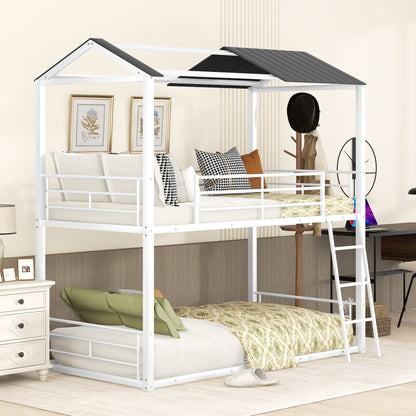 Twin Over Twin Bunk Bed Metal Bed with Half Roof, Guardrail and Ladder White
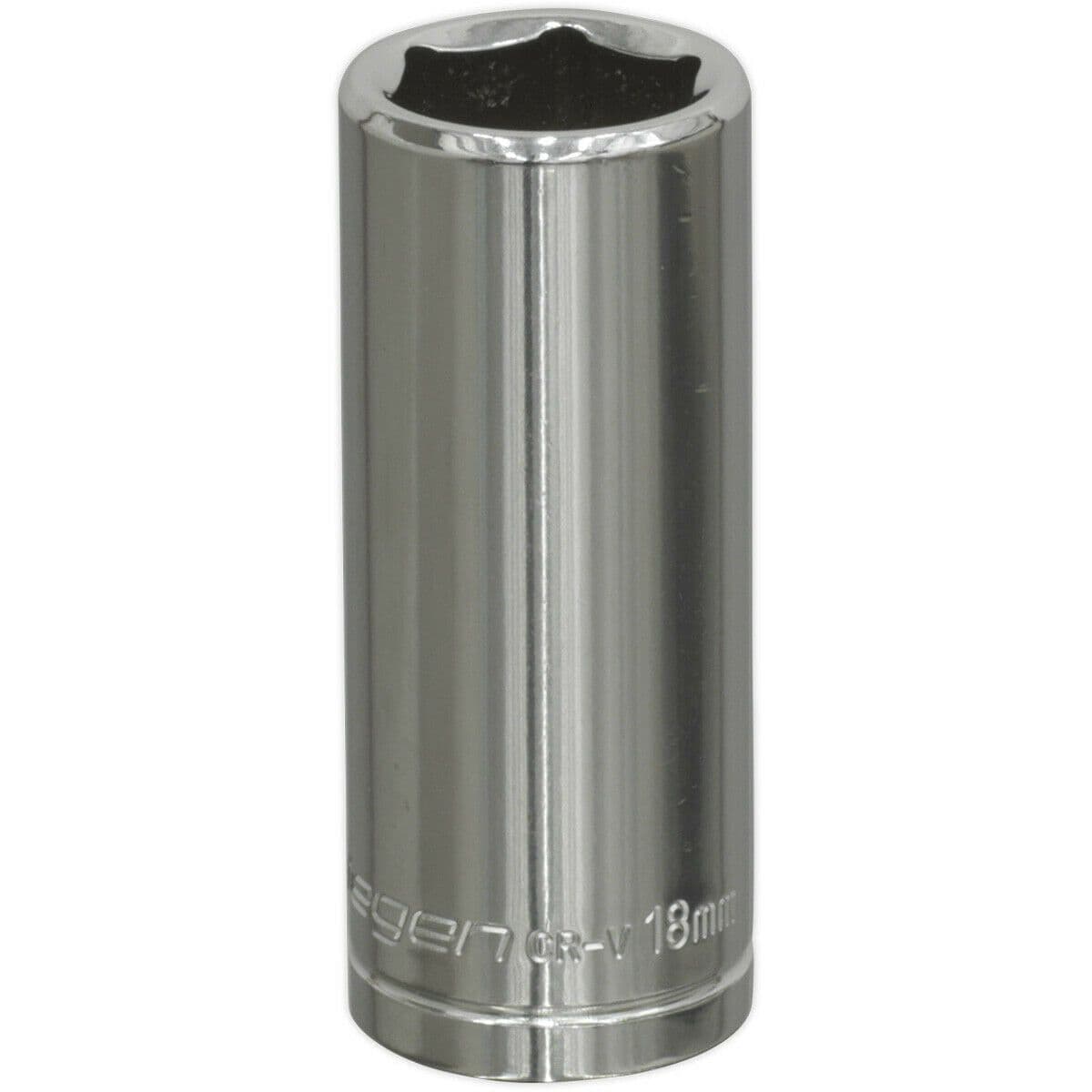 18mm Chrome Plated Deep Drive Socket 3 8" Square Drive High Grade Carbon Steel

━━━━━━━━━━

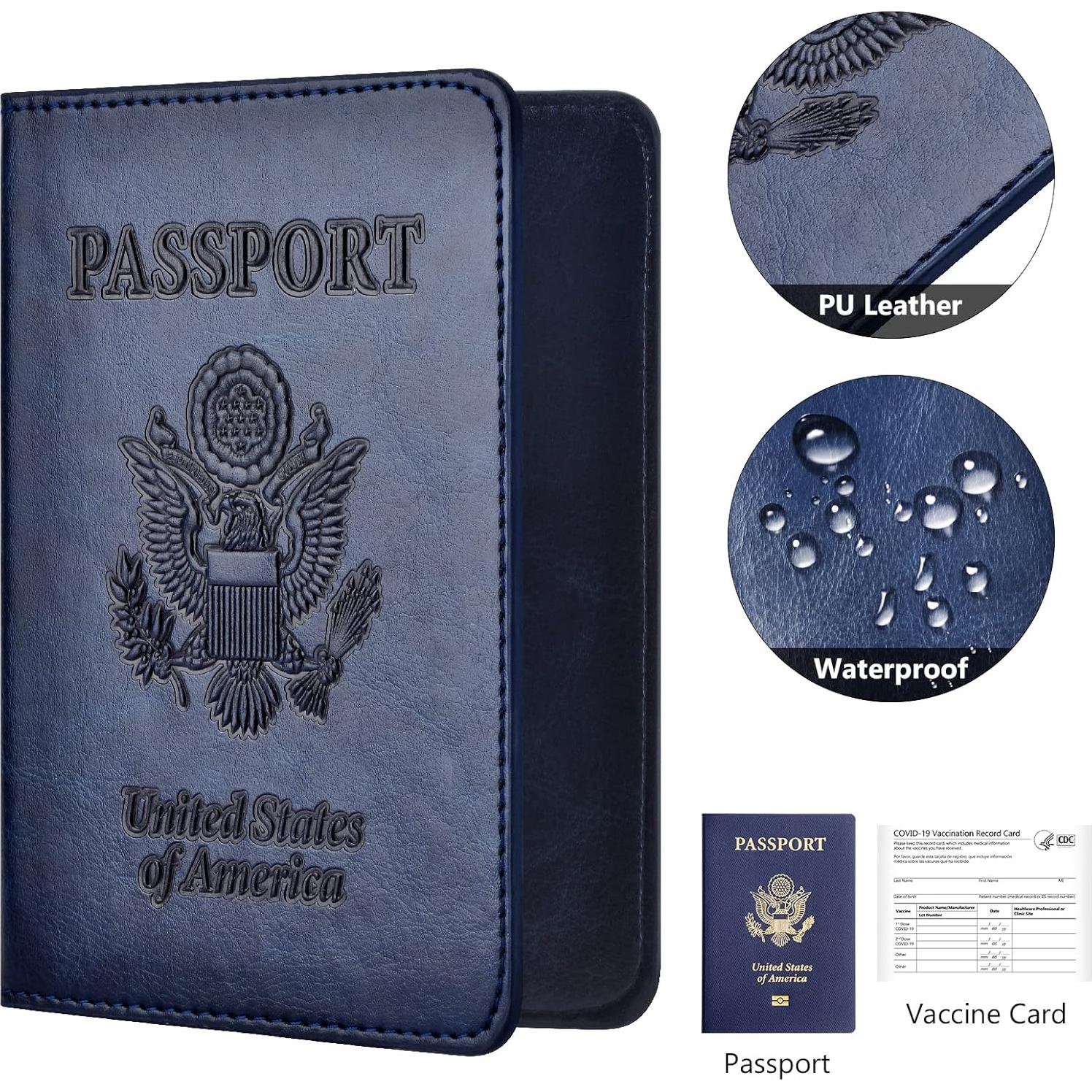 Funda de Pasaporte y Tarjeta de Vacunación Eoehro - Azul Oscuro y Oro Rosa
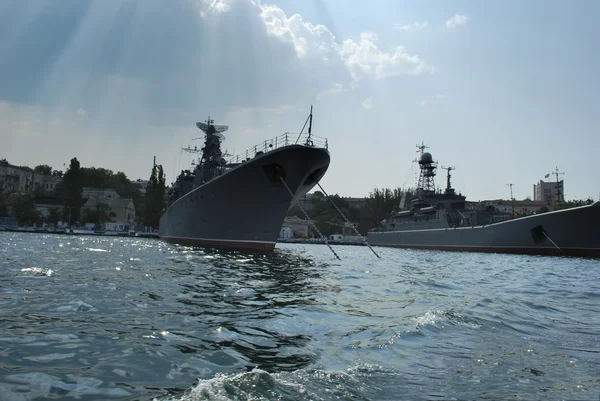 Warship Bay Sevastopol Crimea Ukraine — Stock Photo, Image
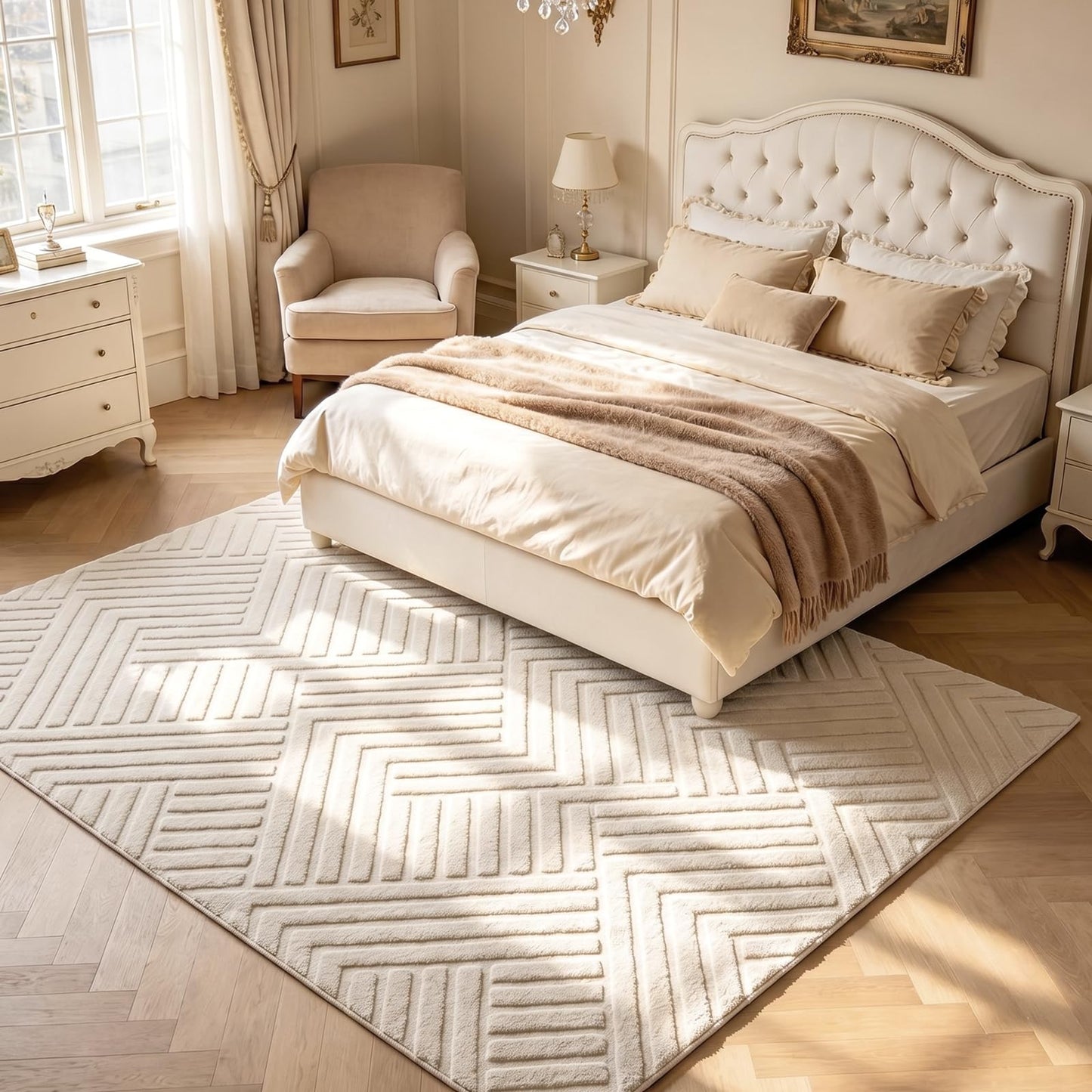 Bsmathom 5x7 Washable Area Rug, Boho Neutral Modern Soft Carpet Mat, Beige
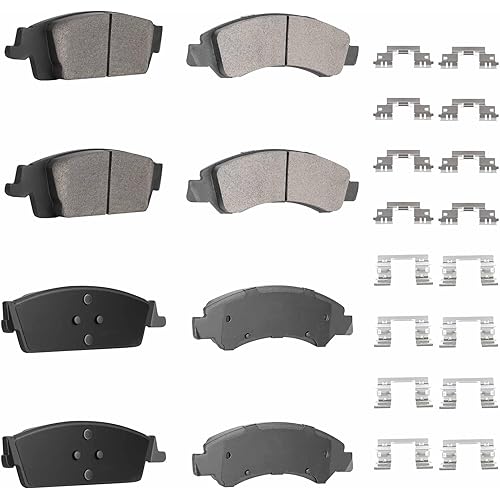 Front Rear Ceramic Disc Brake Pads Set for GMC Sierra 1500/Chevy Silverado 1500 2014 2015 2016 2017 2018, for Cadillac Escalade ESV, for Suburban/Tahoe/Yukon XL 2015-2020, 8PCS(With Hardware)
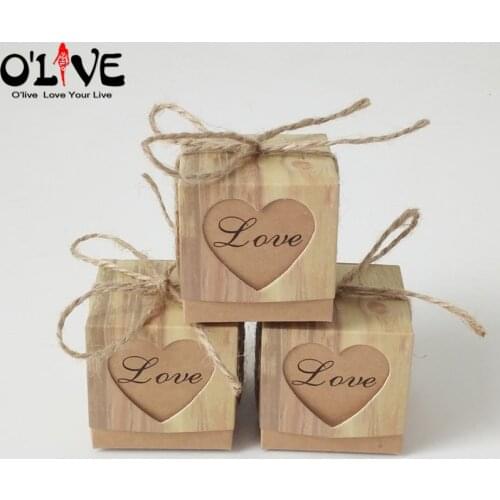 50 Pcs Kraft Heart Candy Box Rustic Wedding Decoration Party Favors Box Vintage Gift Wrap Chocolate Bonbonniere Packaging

━━━━━━━━━━

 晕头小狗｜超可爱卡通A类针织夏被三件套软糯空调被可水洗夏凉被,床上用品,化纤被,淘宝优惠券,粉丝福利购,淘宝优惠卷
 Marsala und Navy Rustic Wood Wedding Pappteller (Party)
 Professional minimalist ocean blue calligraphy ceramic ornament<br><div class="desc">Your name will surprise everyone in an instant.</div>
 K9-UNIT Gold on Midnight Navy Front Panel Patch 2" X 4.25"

━━━━━━━━━━

In the listing above, find the line containing "Front Rear Ceramic" and the line containing "50 Pcs Kraft", then return both of them and every line between, exactly, without pictures.

 Front Rear Ceramic Disc Brake Pads Set for GMC Sierra 1500/Chevy Silverado 1500 2014 2015 2016 2017 2018, for Cadillac Escalade ESV, for Suburban/Tahoe/Yukon XL 2015-2020, 8PCS(With Hardware)
 50 Pcs Kraft Heart Candy Box Rustic Wedding Decoration Party Favors Box Vintage Gift Wrap Chocolate Bonbonniere Packaging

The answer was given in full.